Usage and cost optimization for Managed Service for Prometheus

更新时间:
复制 MD 格式

This guide explains how to analyze the metric write volume of Managed Service for Prometheus and identify high-cost sources, such as instances, jobs, and metrics. It also provides optimization and governance strategies to control your costs.

Billing for Managed Service for Prometheus is primarily based on the metric ingestion fee and the storage fee. For more information, see Billing overview. To optimize usage, you must first analyze the instances, jobs, and metrics with high write volumes. Managed Service for Prometheus provides features such as usage analysis, metric statistics, and metric governance to support this process.

Usage analysis

1. Analyze by instance

First, review all your Prometheus instances to identify those with high usage.

  1. Log in to the Cloud Monitor console.

  2. In the left-side navigation pane, click Prometheus Monitoring > Usage Statistics.

  3. In the Instance Usage Overview area, you can view billing-related statistics for each instance, such as reported data volume, written data volume, and archived storage volume.

    • Recommendation: Sort by Custom Metric Reported Volume (Millions) or Custom Metric Written Volume (GB) in descending order to identify the top N instances with the highest metric ingestion.

      The Instance Usage Overview panel displays usage data for each instance in a table. In addition to columns related to custom metrics, it also includes columns such as Instance ID, Instance Name, Region, Basic Metric Reported Volume (Millions), and Basic Metric Written Volume (GB). You can use this information to compare basic and custom metric usage across instances.

Note

Reported data volume and written data volume are two different billing methods for data ingestion into a Prometheus instance. You can choose one of these methods. Typically, a high reported data volume corresponds to a high written data volume. For more information, see Billing overview.

2. Analyze by job

After analyzing usage by instance, drill down into high-usage instances to identify which jobs generate the most data.

  1. On the Usage Analysis dashboard, filter for the instance you want to analyze.

  2. View the job rankings:

    • In the Metric Reported Volume Statistics > Top 10 Custom Jobs by Reported Volume to view the top 10 custom jobs by reported data volume.

    • In the Metric Written Volume Statistics > Top 10 Custom Jobs by Written Volume to view the top 10 jobs by written data volume.

    The Top 10 Custom Jobs by Written Volume panel displays information for the top 10 jobs by write volume in a table. The table includes the Job Name, Written Volume (Bytes), and Percentage columns.

3. Analyze by metric

To identify the specific metrics that cause high usage, analyze them within the relevant Prometheus instance.

  1. In the left-side navigation pane, select Instance List, and then click the name of the target instance to open its details page.

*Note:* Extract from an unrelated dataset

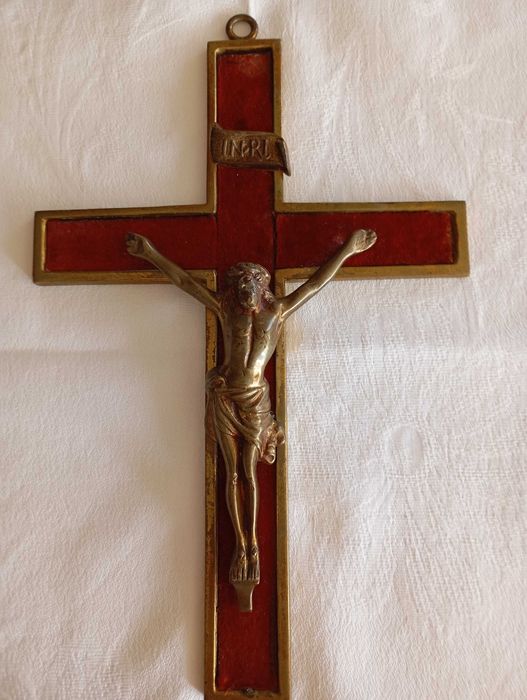 Crucifixo em bronze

  2. In the left-side navigation pane, select Metric Management and then click the Metric Statistics tab:

    • Top 10 Metrics by Data Point Count: View the metrics with the highest reported data volume.

    • Top 10 Metrics by Data Volume: View the metrics with the highest written data volume.

  3. You can also filter the dashboard to view the high-volume jobs identified in the previous step.

image

Important

The data point count and data volume on the Metric Statistics tab are calculated in real time. There may be a discrepancy between these statistics and the actual reported or written volume on your bill. Your final bill takes precedence.

4. Analyze high-cardinality metrics

In Prometheus, high cardinality refers to an unusually large number of time series. This is typically caused by too many label combinations for a metric, often due to storing divergent values in a label.

The Metric Management > Metric Governance page provides statistics for time series and labels:

  • Metric Quick Analysis: View the top N metrics by the number of time series in the current instance.

  • Label Quick Analysis: View an analysis of the top N labels by the number of values. You can also filter by a specific metric.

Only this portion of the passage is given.